Physicists defy conventional wisdom to identify ferroelectric material

21-Sep-2015 - USA

A team of physicists has defied conventional wisdom by inducing stable ferroelectricity in a sheet of strontium titanate only a few nanometers thick.

The discovery could open new pathways to find new materials for nanotechnology devices, said Alexei Gruverman, a University of Nebraska-Lincoln physics and astronomy professor who worked on the research.

It also contradicts the expected behavior of ferroelectric materials, which normally lose stable ferroelectric polarization as they are made thinner.

"If you make a strontium titanate film very thin, all of a sudden it becomes ferroelectric at room temperature," Gruverman said. "If you make it thicker, ferroelectricity disappears. That's very strange, as it goes completely counter to all the common knowledge regarding the thickness effect on ferroelectric properties."

Gruverman and his team used piezoresponse force microscopy, a nanoscale testing technique that Gruverman pioneered, to confirm that stable and switchable polarization had occurred in ultrathin films of strontium titanate grown by a University of Wisconsin team led by Chang-Beom Eom.

Ferroelectricity, which is an electrical analog of ferromagnetism, is characterized by a stable electrical polarization which can be switched with the application of an electrical field. This quality makes ferroelectric materials useful for an array of electronic applications, such as computer memory chips. However, the materials' tendency to lose ferroelectric stability as they become thinner has limited their usefulness in nanoelectronics. Many scientists have been investigating techniques to create ferroelectric materials that can still be useful at nanometer scale dimensions.

Strontium titanate, often used as an insulating material in dielectric capacitors, isn't ordinarily a ferroelectric at room temperature. It is a perovskite, a family member of complex oxide materials with distinctive cubic crystal structures. Perovskites have long been recognized for a variety of useful physical properties, including superconductivity, ferromagnetism and ferroelectricity. In recent years, they have been studied for potential use in solar cells.

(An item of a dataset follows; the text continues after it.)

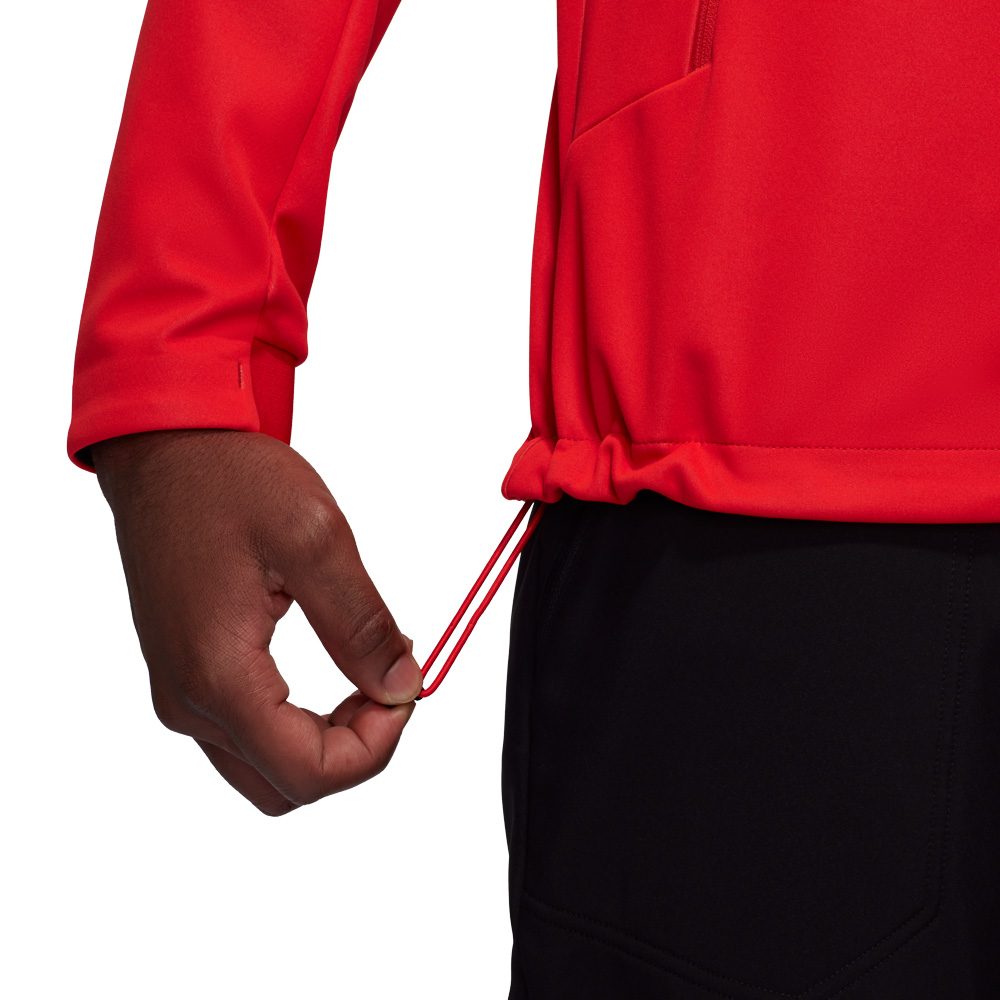 Mammut Ultimate VII Softshelljacke Herren mammut red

But crystals aren't always perfectly formed. If one out of each 100 strontium ions is missing from the cube-shaped strontium titanate crystal, it can create polarized nano-sized regions within the crystal.

Ordinarily, the material's bulk serves to isolate such polar nanoregions in an insulating matrix. Physicists at the University of Wisconsin, however, fabricated epitaxial films of strontium titanate, spread across a substrate of the same material, no thicker than the size of these polar nanoregions.

The electrical boundary conditions in the films drastically changed, forcing the polar nanoregions to interact between themselves and respond in a cooperative manner to the applied electric field. This allowed for the emergence of switchable and stable polarization, which the UNL team observed using piezoresponse force microscopy.

The effect was tested with mathematical simulations and electrical measurements, as well as through structural microscopic studies.

Gruverman said it is not yet known whether other perovskite materials will exhibit the same qualities.

"We don't know if this effect is unique to strontium titanate, but we hope that this approach can be extended to other perovskite dielectrics in which polar nanoregions are controlled by careful engineering of film defect structure," he said. "This may provide a path toward devices with reduced dimension where ferroelectricity is coupled to other properties, such as magnetism."